Before one starts taking sides, it’s important to define the term ‘World Class.’ Going by its dictionary meaning it is to rank amongst the foremost in the world and to meet the international standards of excellence. If one adopts this definition, then Jairam Ramesh is not that wide of the mark as it’s true that in most of the world rankings, these institutes fail to reach the top-notch positions.

However, is it justified to use such objective parameters given the grand divide between the West and the East? To create a world-class research institute, the foremost requirement is a world-class policy formulation and world-class funding for the same. With the meager amount of resources made available to these institutes, how can one expect them to compete with the best in the business?

To add to this, the fact is that these institutes were incepted with the objective of developing a skilled workforce to support the social and economic development of India. Research and development was started much later. Hence, to compare the amount of research done by these institutes with that done by the MIT’s or Harvard’s is again unfair.

Rajesh Behera, an IIT Bombay alumnus, unequivocally attributes his success to the guidance he got from his teachers. According to him, it was their experience and exposure to the international environment that enabled them to find the true potential of the students like him and instilled in them confidence to become world-class.
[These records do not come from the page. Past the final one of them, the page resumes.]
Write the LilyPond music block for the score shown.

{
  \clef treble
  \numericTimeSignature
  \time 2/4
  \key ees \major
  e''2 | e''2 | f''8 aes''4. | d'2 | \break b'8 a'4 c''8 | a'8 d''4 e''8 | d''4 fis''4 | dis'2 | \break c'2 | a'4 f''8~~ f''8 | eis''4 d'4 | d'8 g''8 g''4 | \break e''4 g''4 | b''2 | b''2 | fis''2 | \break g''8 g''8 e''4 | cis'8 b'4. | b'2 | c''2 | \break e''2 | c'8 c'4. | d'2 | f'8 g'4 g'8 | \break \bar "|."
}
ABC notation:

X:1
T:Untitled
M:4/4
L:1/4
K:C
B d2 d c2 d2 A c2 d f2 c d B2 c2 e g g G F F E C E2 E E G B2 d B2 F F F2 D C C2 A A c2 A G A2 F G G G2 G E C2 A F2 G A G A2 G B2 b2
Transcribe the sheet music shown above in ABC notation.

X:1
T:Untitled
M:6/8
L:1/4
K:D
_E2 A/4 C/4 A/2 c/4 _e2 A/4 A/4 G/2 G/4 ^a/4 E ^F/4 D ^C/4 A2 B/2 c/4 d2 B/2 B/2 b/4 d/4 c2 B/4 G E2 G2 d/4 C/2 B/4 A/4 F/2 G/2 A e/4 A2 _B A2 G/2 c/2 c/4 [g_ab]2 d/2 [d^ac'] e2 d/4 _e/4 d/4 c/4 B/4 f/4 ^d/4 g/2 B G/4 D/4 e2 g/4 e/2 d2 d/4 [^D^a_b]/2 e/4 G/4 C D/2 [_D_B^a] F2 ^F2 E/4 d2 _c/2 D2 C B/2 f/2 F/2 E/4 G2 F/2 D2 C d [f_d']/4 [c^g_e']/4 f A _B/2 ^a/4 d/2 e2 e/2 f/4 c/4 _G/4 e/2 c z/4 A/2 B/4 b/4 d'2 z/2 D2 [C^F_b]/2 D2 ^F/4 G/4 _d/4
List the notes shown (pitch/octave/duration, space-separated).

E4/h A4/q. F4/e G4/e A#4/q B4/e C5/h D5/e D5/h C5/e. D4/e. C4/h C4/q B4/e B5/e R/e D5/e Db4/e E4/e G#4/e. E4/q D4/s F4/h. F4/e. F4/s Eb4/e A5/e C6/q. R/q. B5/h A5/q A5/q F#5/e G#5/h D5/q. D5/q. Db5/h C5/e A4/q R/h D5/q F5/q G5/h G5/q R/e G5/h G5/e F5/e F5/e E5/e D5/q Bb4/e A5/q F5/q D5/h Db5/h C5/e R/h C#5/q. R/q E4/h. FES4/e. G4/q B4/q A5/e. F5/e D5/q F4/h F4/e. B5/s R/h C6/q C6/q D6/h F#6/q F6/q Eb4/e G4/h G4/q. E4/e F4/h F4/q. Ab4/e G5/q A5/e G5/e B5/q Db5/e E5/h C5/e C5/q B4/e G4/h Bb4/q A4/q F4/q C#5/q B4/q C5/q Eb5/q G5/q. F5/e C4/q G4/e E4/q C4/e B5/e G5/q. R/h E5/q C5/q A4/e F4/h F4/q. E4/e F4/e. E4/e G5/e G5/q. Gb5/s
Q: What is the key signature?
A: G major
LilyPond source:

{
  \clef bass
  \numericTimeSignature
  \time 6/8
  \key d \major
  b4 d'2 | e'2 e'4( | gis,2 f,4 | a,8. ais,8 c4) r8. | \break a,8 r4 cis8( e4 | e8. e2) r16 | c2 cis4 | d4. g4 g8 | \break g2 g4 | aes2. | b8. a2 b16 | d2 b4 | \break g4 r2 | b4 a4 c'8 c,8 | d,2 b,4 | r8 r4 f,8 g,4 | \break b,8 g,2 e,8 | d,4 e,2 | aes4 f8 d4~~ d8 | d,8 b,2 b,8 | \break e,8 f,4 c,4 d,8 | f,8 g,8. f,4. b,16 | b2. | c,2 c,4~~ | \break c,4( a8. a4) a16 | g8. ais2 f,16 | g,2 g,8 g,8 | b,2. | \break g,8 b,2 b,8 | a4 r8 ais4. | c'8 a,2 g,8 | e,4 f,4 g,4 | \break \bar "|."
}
Taking the example of the Civil Engineering Department of his alma mater, he shows how all the major infrastructural development taking place around Mumbai, in one form or the other, has inputs from the IIT Bombay faculty, from consultancy to actual implementation.

One cannot deny that the faculty of these institutes have to work in a much harder environment than their counterparts in the West. Take the example of the student to teacher ratio which according to an internal study of Union Human Resource Development Ministry is as high as 15:1 in the leading institutes of India as compared to around 5:1 to 7:1 in the leading technical institutes of US, West Europe and even Singapore or Hong Kong for that matter. Moreover, funding at both the project level and at the level of personal compensation to teachers make the situation graver.

The whole issue gathers more importance in the context of the new IIMs and IITs that have opened recently to cater to the ever growing demand for the world-class education in India, a prerequisite to tap India’s demographic dividend.

Swati Gupta, an IIM Indore alumna feels that there is a dearth of world-class faculty in the new IIMs. However, she considers Jairam Ramesh’s statement pretty harsh and feels it’s naive to tag all the professors under the same umbrella.

To quote her, “There is no doubt that there is a visible gap in the style and understanding of the newer faculty as compared to the old professors. While the latter make sure that there is a conceptual clarity before teaching the contextual application, the former at times tend to focus too much on the case method.”

This perspective shatters the belief that the older professors are too rigid and averse to adopt newer world-class methodologies as there is still substance left in the older teaching methodologies.

Overall, it’s important to take into consideration all these contingencies before coming to any concrete conclusion. However, one cannot deny the fact that there is a lot that needs to be done to make the Indian premiere institutes, globally more competitive and this statement of Jairam Ramesh might act as a stimulant for the same.

The following sound-bytes taken from IIT Mumbai faculty members, however, were published in Tribune and attributed to me.

Two senior members of IIT, Bombay, on the condition that their names would be withheld had this to say:

Make it attractive for the best

The profession of teaching and research is not an attractive profession for most young students due to financial reasons. The top talent is not opting for a career in teaching and research. There are perhaps only 25 per cent of faculty members who do research that can be termed “of international standards”. The IITs are far ahead of any university in India in terms of research quantity and quality. The socio-economic conditions must improve in order to create world class universities and institutes. World class institutes did not become world class in 50 years. The top universities in the world have a long tradition and attract talent from all over the world.

The Government must provide autonomy to institutions of higher learning. The UGC and AICTE have failed in managing higher education. There is a lot of corruption in these bodies. Every minister in charge of the Ministry of Human Resource Development tries to change something in IITs to get public attention. They will serve the country better by improving schools and colleges which are in a pathetic condition. Once these improve, there will be better people going in for higher education.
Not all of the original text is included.